View Printable VersionLady of America Newsletter - November 2009
Be Thankful Issue

Fitness: Hectic Days Need Exercise

Hectic Days Need Exercise

Understand the benefits of maintaining an exercise routine, such as stress control and good health.

There never seems to be enough time to do the things you want to do, yet you manage to. Between working 8-plus hours a day, running errands and taking care of the house and children, do you really have the energy [or desire] to exercise? Chances are your answer is no, yet you find a way to make it to the gym or to a fitness class on a regular weekly basis.

So what happens when life throws you a curveball and suddenly you have a big project to complete for your boss, or you find yourself traveling, or personal situations get in the way? Oftentimes, exercise is moved to the bottom of the “To Do.” The only problem is, most times you don’t get to it.

The benefits of keeping a routine because exercise is vital for good health and stress control. When your days and time are tight, you must find the time and energy to exercise, no matter what time of day. It may be impossible to make it to the gym or to a class, but there are many other ways to sneak workouts into your day. Consider these workout plans next time you find yourself having hectic days.
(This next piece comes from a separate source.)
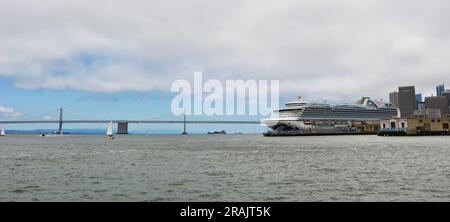 Ruby Princess cruise ship docked and Bay Bridge San Francisco California USA Stock Photo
  1. Add mini workouts to your day by parking farther away, skipping the elevator and taking the stairs, getting off the bus or train a stop earlier.
  2. Break up your day to a few minutes here and there and do a mini routine of at least 5 reps of squats, lunges, curls [with or without dumbbells], squats/curls and other exercises that work the legs, abdominals, arms, etc.
  3. Stretch while watching TV; do push-ups and sit-ups during the commercials.
  4. Cut your workout in half. These shorter workouts can produce results.
  5. Wake up 30 to 60 minutes earlier and workout. Your body will adjust to the earlier wake-up call.
  6. When you come home from work, head straight for your closet and change your clothes, grab your gear and head to the gym. Don’t sit down.
  7. Keep a pair of gym shoes at your desk. Walk the first half-hour of your lunch break and eat the last half-hour.
  8. If you are a stay-at-home mom, squeeze in at least 15 minutes while the little one goes down for a nap. Repeat this several times a day. Before you know it, you will have exercised 30 minutes or more.
  9. Do interval training where you combine cardio and strength exercises.
  10. Increase the intensity of your workouts.
  11. Vary your workout plan to include toning exercises, abdominal exercises, weight training and cardio.